Each of these may also automatically install additional packages on which they depend. We may recommend installing additional packages later.

The devtools package provides developer tools and functions that simplify creating and quality-checking custom R packages.

The here package facilitates using relative filenames when one is using RStudio projects to organize files.

The rmarkdown and knitr packages work together to translate R Markdown and/or Quarto scripts into Pandoc markdown files. The quarto package provides support for interfacing with Quarto. Meanwhile, the kableExtra package extends knitr’s tools for making nice, formatted tables in via R Markdown or Quarto. Then, the tinytex package provides an easy way to install and start using TinyTex to convert R Markdown or Quarto documents to fully formatted PDF files.

Tip

In the paragraph above, note the capitalization of the software names: quarto is an R package that helps you interface with the stand-alone Quarto software. Similarly, tinytex is an R package that helps you install and use TinyTeX (a LaTeX distribution created by the same author).

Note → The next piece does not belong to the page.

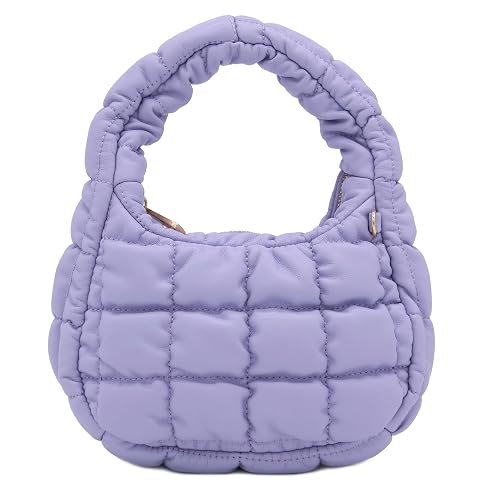 FashionPuzzle Mini Quilted Soft PU Leather Crescent Puffer Crossbody Evening Bag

The tidyverse is a collection of related R packages that provide an unified set of functions that make working with R much easier. They support creating piped operations that chain together easily.

9 TinyTex

TinyTex is a specific distribution of LaTeX, which is document preparation software that allows high-quality typesetting. It takes plain text LaTeX files (*.tex files) that describe the structure of a document and compiles them into fully-formatted PDF files with nice fonts and layout. We can actually use the tinytex R package to install TinyTeX via the following command inside R.

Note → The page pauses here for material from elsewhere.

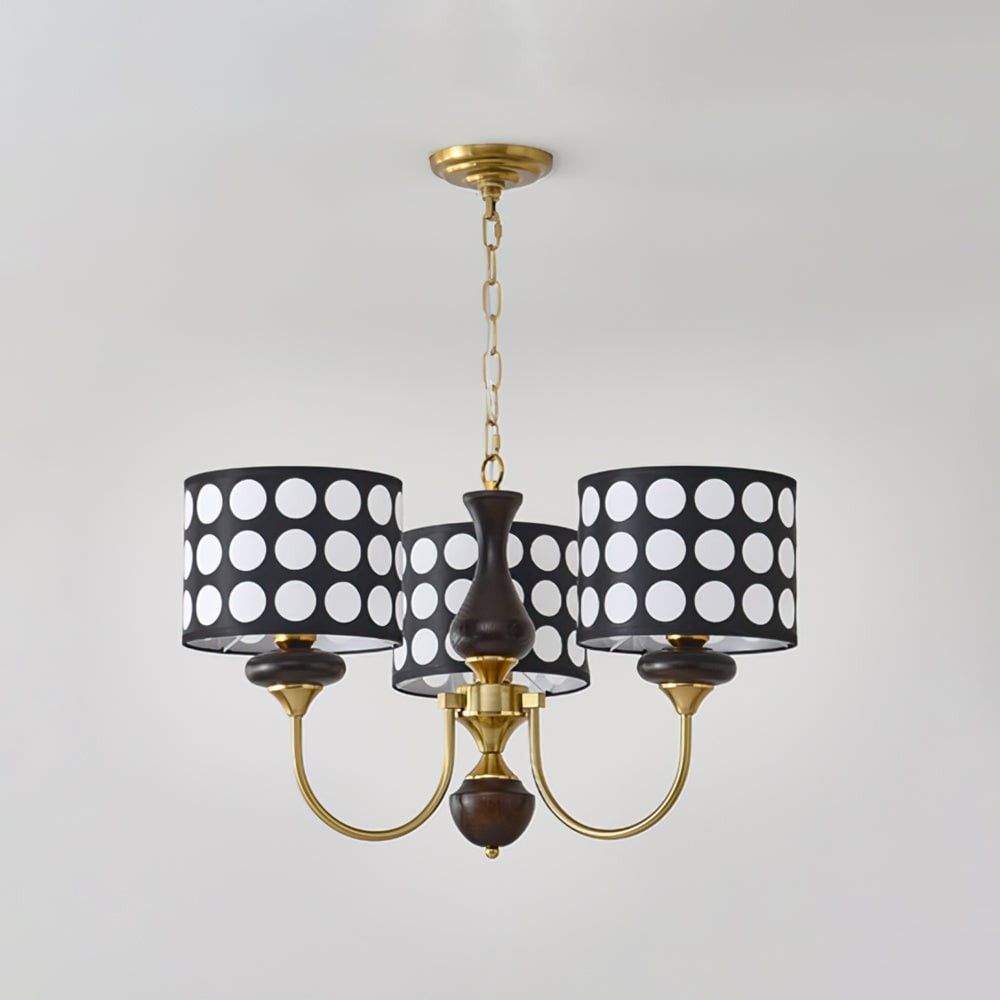 Geometry Black Polka Dots Fabric Chandelier S364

tinytex::install_tinytex()

You can use alternative LaTeX distributions and tools (e.g., MiKTeX) instead, but TinyTeX is very convenient because of how well it integrates with the other tools we’re using. Yihui Xie, the author of tinytex and TinyTex, is a contributor to R Markdown, Quarto, and the knitr and rmarkdown packages in R.

If it has been a while since you installed TinyTex, you can easily update to the latest version by the following command. This should include any previously installed LaTeX packages you had accumulated along the way. My experience is that the first time you render a PDF file after a reinstall takes longer than normal, but rendering speed returns to normal after that.

tinytex::reinstall_tinytex()

10 Pandoc

Pandoc is software that allows you to convert documents between multiple formats. A copy of Pandoc comes bundled with RStudio and another copy comes bundled with Quarto, so you do not need to download and install it separately. If you want PDF output, Pandoc is what converts documents into the LaTeX files that can be processed by TinyTeX. Quarto is built on top of Pandoc because it facilitates producing many different kinds of output files.

11 rcrpkg.template

rcrpkg.template (Pierce, 2024) is a Git repository I created to serve as a starter template for new, project-specific Git repositories. It streamlines creating a new custom R package that serves as a research compendium (Marwick et al., 2018) for a project. Inside the scripts subfolder, the Example_Render_to_HTML.qmd script demonstrates rendering to HTML output and the Example_Render_to_PDF.qmd script demonstrates rendering to PDF output. The latter file also uses the title.tex and compact-title.tex files stored in the same folder to control the formatting of space around the title and showing author affiliation info. References to those can be removed from the YAML header to simplify the script and reduce dependency on additional files. The Setup_as_Package.qmd Quarto script guides one through some key steps in setting up a custom R package.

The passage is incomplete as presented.